Politiquement, l’Union aborde donc la fin des quotas en ordre dispersé, avec, d’un côté, des zones de production ou des acteurs économiques qui se tournent vers le marché mondial et qui se doivent d’être offensifs et, de l’autre, des régions plus fragiles en quête de nouvelles stratégies pour valoriser leur production et défendre leur présence, demain, sur leurs marchés.

Pour ces deux types de réalités, des outils sont nécessaires pour que l’après quotas se fasse de façon sereine, et que l’Union fasse de cet après-quotas une véritable opportunité de croissance pérenne.

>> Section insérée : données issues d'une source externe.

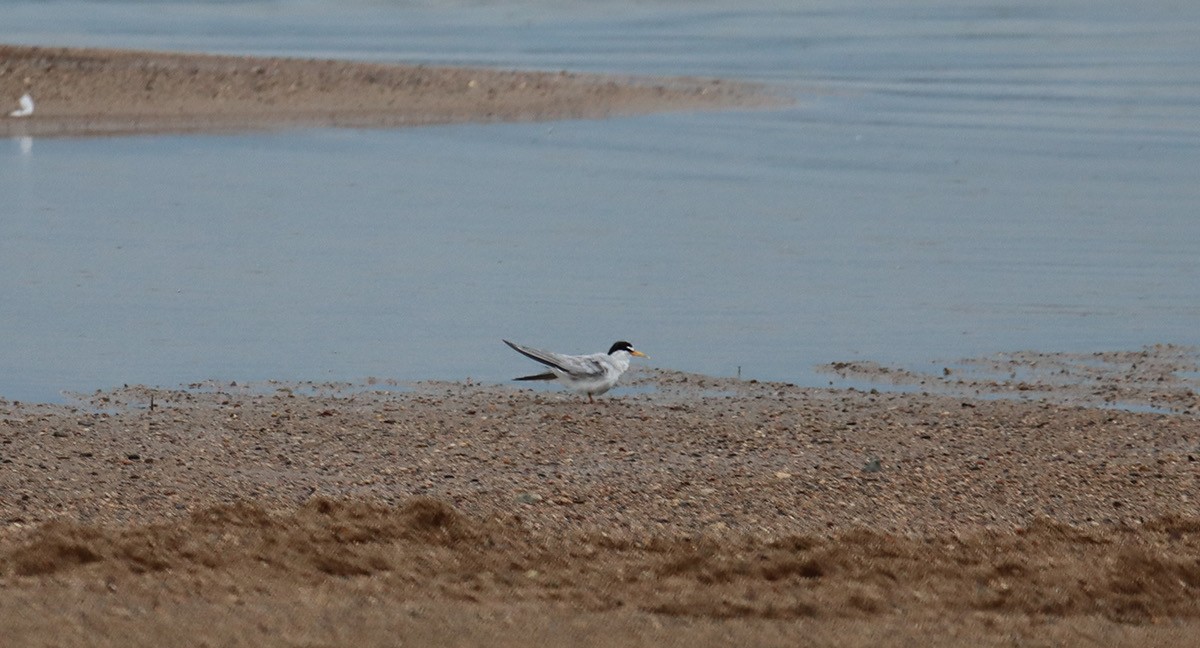 Least Tern - ML640224958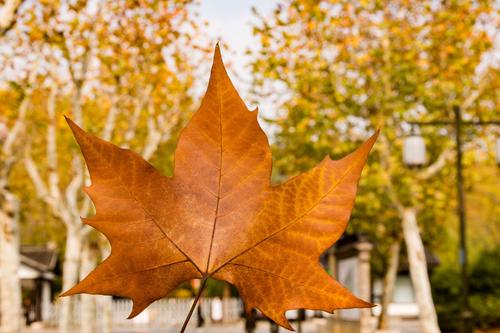 法桐防治病虫害的方法,法桐病虫害最佳治疗方法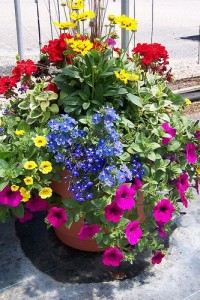 Patio Gardens Plants in Canon City, CO | TOUCH OF LOVE FLORIST AND WEDDINGS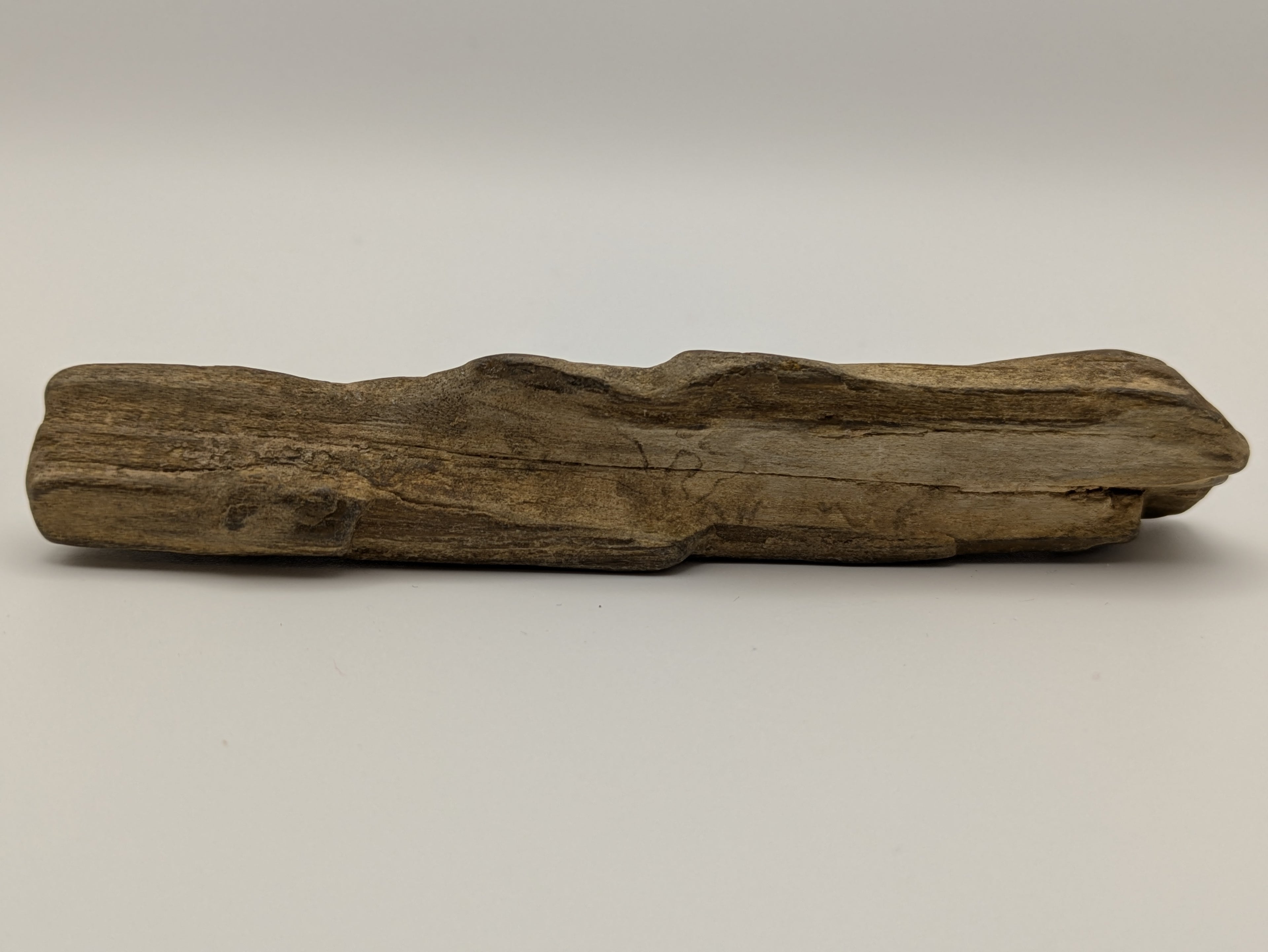 Petrified Wood Specimen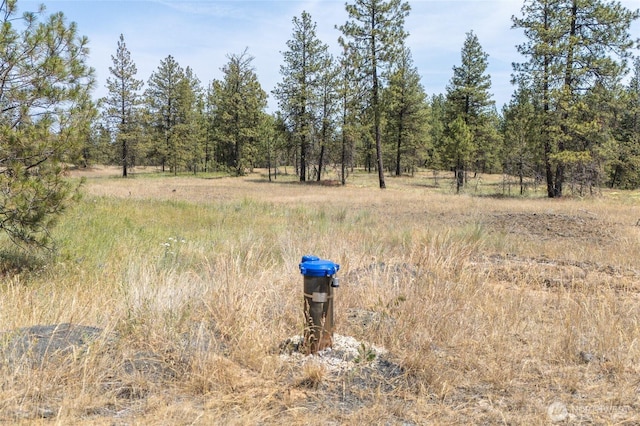 36000 S Bootstrap Ln Lot C, Lot C, Cheney, WA 99004 - photo 5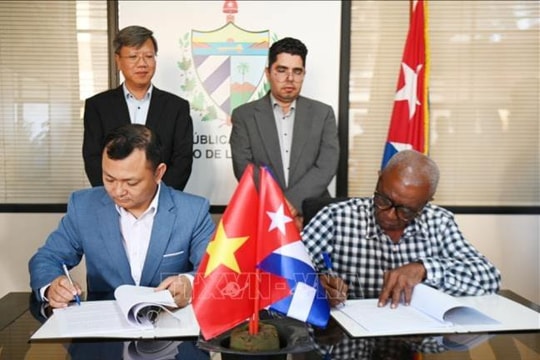 Doanh nghiệp Việt Nam đầu tư trồng điều ở Cuba
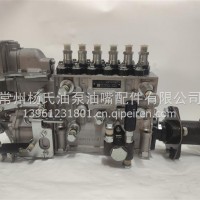 锡柴6P1236锡柴6DF3/100010-47Q-218AAW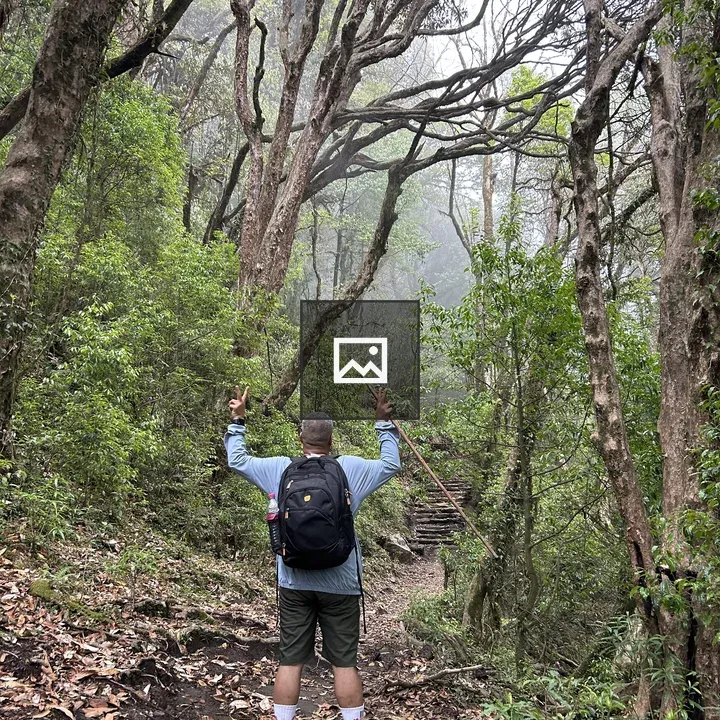 Person on Forest Trail with Backpack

D’une part, il est nécessaire de disposer d’outils qui permettent aux opérateurs de partir à la conquête de nouveaux marchés avec des amortisseurs de crise efficaces – les producteurs les plus exposés à une crise dans les prochaines années ne seront pas forcément ceux auxquels on pense au premier abord. Reprendre ou moderniser une exploitation coûte extrêmement cher – à lui seul, un robot de traite, c’est environ 100.000 euros d’investissement pour 60 vaches laitières. Comment rembourser de tels emprunts en période de crise ?

La réserve de crise mise en place à l’occasion de la dernière réforme de la PAC est dotée de 400 millions d’euros. Elle n’est pas formatée pour faire face à une crise laitière d’une ampleur telle que celle de 2009. A l’époque, le budget communautaire avait déboursé plus de 600 millions d’euros, avec, en plus, des aides nationales massives dans certains Etats membres, notamment en France et en Allemagne. L’état des finances publiques laisse à penser que ce type de soutien national ne serait pas au rendez-vous en cas de nouvelle crise.

L’enjeu est de taille : l’Europe dispose d’atouts considérables pour répondre à la demande mondiale, mais elle n’est pas seule. La Nouvelle-Zélande, l’Australie ou les Etats-Unis sont à l’offensive. Ces dernières années, les parts de marché de l’Union européenne se sont effritées de 10 points, passant de 40% à 30% sur le marché mondial.

D’autre part, il est nécessaire de disposer d’outils pour soutenir la production dans les zones plus fragiles et accompagner les filières dans la mise en place de stratégies économiques durables. Dans ces régions, la production laitière n’a pas d’alternative véritable pour maintenir une présence économique agricole qui garantisse le maintien d’un environnement ouvert et porteur pour les autres secteurs économiques. Les productions de niche telles que certains fromages ou crèmes fraiches AOP à très forte valeur ajoutée ne peuvent pas être la réponse seule et unique pour l’ensemble de ces régions. Et il n’est pas sûr que le maintien d’aides couplées à la production laitière dans les zones de montagne soit suffisant pour convaincre une nouvelle génération d’agriculteurs de faire le pari de l’installation dans ces zones.

Là encore, les filières doivent pouvoir innover, investir, se structurer de façon efficace pour préserver, développer leurs marchés, et être prête à faire face aux coups durs. Elles doivent pouvoir compter sur une responsabilité politique européenne qui anticipe et prévoit comment limiter le risque de contagion d’une crise mondiale sur les commodities à leurs marchés régionaux.

En somme, les règles du jeu, aujourd’hui, sont loin d’être claires ou suffisantes pour faire face à une crise de façon efficace. En cas de crise grave, l’utilisation intégrale de la réserve de crise sous forme d’aide d’urgence aux producteurs conduirait, au mieux, à un chèque moyen de 600 euro par exploitation. Ce serait sans doute une réponse utile pour réduire la pression politique sur les institutions européennes, mais à l’impact économique quasi nul. Une réflexion et des clarifications sont nécessaires.